• **Try it**
Pictures must not appear in the copy. Restate exactly the lines below from the one with "ASRock�b�A�X���b�N�bASRock A520M-ITX/AC /" through the one with "T-shirt signature SIGNAT5", inclusive.

• **Records supplied**
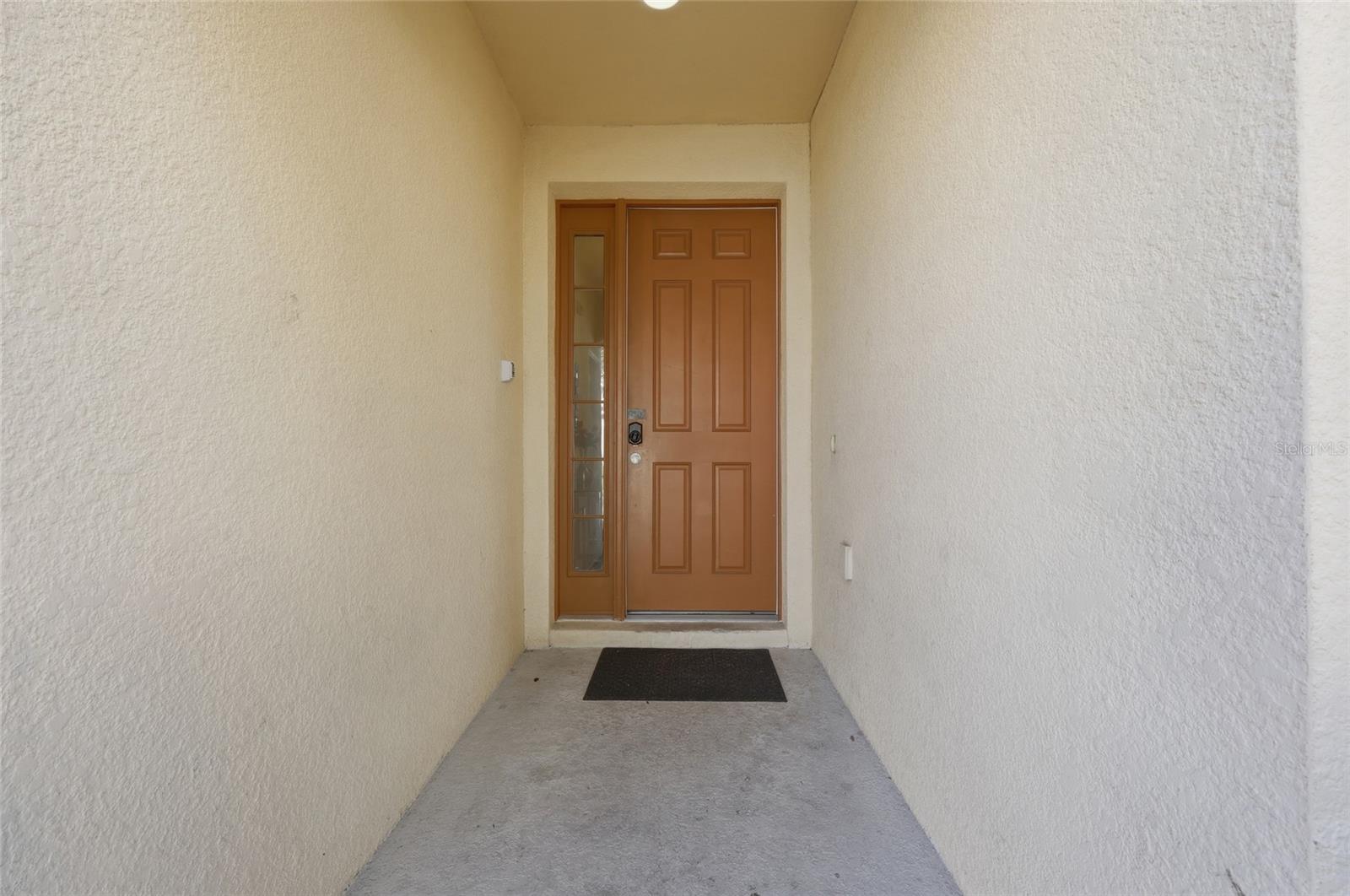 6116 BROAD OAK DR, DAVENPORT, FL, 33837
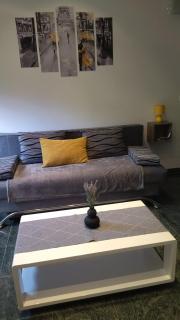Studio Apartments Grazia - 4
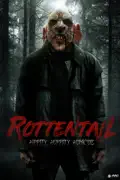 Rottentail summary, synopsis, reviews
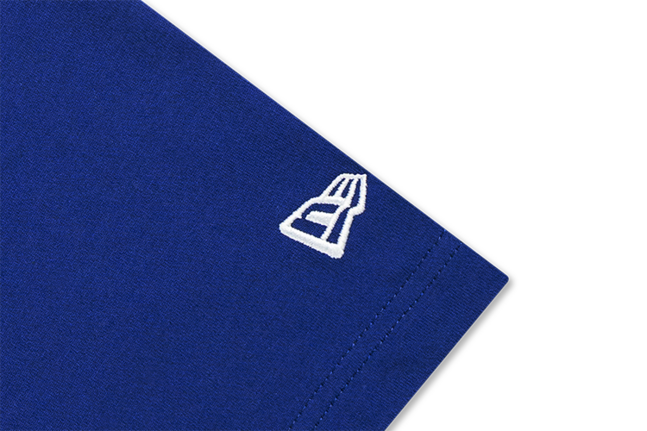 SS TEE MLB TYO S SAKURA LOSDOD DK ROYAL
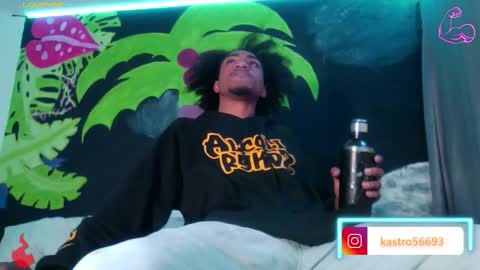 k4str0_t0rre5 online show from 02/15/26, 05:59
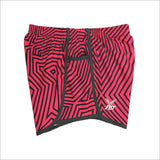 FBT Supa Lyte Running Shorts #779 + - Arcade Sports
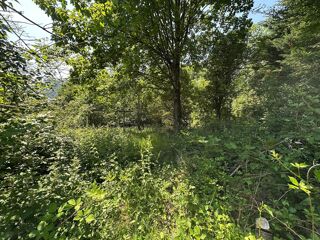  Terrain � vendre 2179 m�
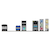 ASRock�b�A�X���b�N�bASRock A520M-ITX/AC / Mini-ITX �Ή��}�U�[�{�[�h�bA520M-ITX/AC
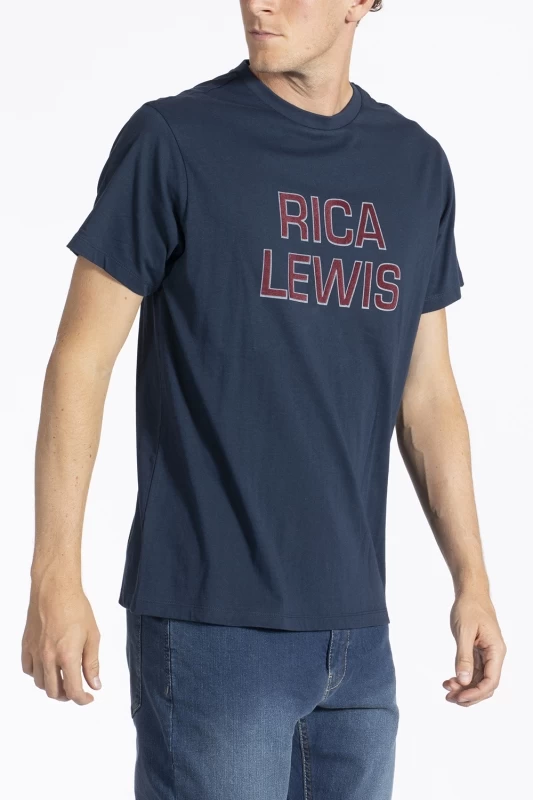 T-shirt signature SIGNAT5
==
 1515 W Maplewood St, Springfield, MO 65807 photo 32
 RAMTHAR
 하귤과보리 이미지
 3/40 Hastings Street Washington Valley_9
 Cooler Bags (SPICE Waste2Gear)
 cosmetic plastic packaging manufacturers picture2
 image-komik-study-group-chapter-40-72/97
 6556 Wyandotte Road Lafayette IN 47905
--
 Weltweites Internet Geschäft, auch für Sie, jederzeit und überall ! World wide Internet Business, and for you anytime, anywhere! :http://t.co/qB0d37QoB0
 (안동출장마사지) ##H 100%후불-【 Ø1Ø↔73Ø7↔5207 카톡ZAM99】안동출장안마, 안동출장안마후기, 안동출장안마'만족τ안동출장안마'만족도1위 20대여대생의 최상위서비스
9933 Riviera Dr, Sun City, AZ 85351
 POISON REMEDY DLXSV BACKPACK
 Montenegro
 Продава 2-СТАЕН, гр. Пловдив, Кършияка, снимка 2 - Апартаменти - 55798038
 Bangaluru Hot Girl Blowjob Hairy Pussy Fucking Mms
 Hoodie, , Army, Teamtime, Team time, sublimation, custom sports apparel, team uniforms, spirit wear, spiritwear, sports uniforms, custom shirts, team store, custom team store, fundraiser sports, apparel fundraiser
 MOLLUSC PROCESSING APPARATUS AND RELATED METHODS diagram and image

• **Answer**
 ASRock�b�A�X���b�N�bASRock A520M-ITX/AC / Mini-ITX �Ή��}�U�[�{�[�h�bA520M-ITX/AC
 T-shirt signature SIGNAT5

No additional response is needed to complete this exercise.